Like many parents, my wife and I ask our kids what they did at school today. When my kids first started school, they would list off "recess, lunch, reading...", things they did every day. They quickly became more sophisticated in their answers, saying things like "Today we had music", or "Today we had an assembly." One of the answers I get about once a cycle now is "Today, we had computers".
When I work with teachers on using technology in education, we use the buzzword "integration". That word has slipped to the likes of "standards" and "rigor" in terms of a word with a watered-down definition.
For most teachers, integration means "use". For a few, it means forced use ("I do it because we're told to use technology..."), but the overwhelming majority of teachers look forward to having students use technology. It provides energy and opportunities for learning... both for student and teacher.
The problem is, "use" of technology is peripheral. It's a side item in the day, a separate chunk of learning circumstances and environment. It is like it is for my kids: first we have reading, then we have computer time. Or, today is the day we get to go to the lab.
This isn't integration. The use of technology isn't seamlessly infused into the learning process. It is an abrupt and conscious shift in it. No student will be unaware when they work on a computer.
This leads to technology being used for technology's sake, not learning's sake. David Warlick has phrased this as "getting past the 'wow' of technology." Sure, learning about technology is important, but this practice doesn't mirror life. When you are at work, do you consciously have "computer time"? For me, the answer is that I used to, back when computers first came around, or when the internet first came around. But now, using the computer is a seamless part of my workflow, as I bounce from using it to using other tools to accomplish my tasks, like face-to-face discussions, the telephone, and resource manuals.

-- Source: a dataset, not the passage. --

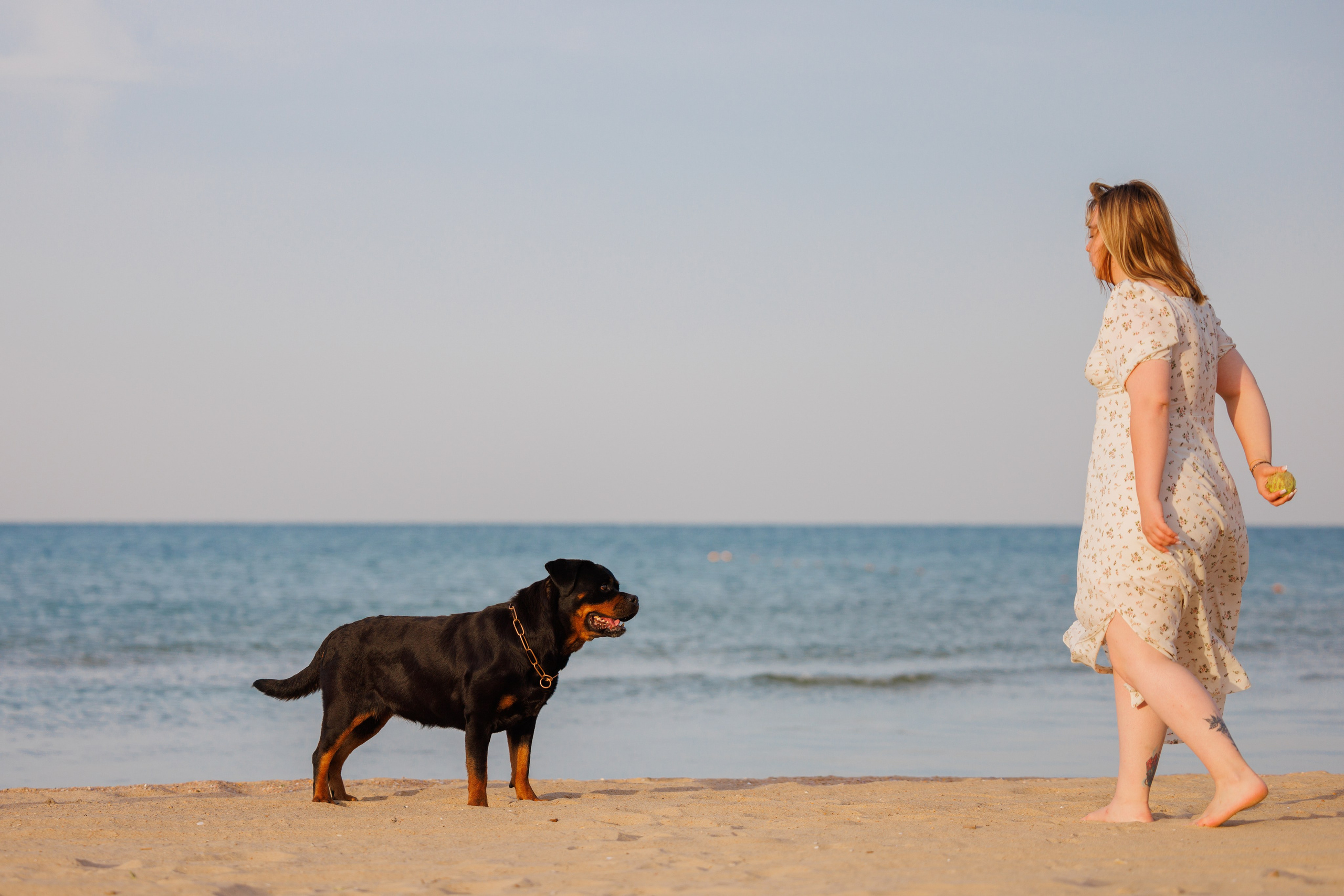 Свободная съемка. Фотограф-анималист Юлия Германика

Think of seamless integration this way: a pencil is, for all intents and purposes, a piece of technology. It is used for a great deal of work in school, and that's a good thing. However, my kids don't come home and tell me "we used a pencil today." It's picked up and used and then put down again with out conscious interruption. That's where we need to get with computerized technology.

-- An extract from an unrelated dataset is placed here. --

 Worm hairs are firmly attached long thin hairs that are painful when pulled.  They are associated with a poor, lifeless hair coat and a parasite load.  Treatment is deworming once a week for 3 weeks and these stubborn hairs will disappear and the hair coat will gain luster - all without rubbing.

Now, this isn't the fault of the teacher. I recently showed some teachers Survey Monkey as a way to pre-assess student understanding before a lesson. The teachers were very excited about the possibilities. So, being the killjoy that I am, I raised the question "What would it look like if you tried to use this in your current classroom?" For the elementary teachers, that would require getting all the students up, go down to the computer lab for a 2-minute survey, and then come back. 10 minutes of time lost in the transportation, another 10 lost in the preparation. The secondary wasn't much better, as a student would have to go get the laptop cart from next door and then each student would have to get out a laptop, take the survey, and put the laptop back. The truth is the teachers won't use it. I wouldn't either. Despite its obvious benefits, Survey Monkey is a conscious interruption to the learning process.
This has serious danger to everything we do with teaching technology integration. When Inspiration came out, I loved it. I saw so many uses, and not just of the end-of-term big-project variety. Five minute applications like take the concepts we talked about today and sort them on this venn diagram, and the computer will tell you whether you are correct. But, I couldn't integrate it... it had to be peripheral learning. We can be gung ho about the read/write web, but it will sadly become the latest Inspiration if we don't change our structured approach to integration. We have to get a device in the hands of every student and make this learning seamless.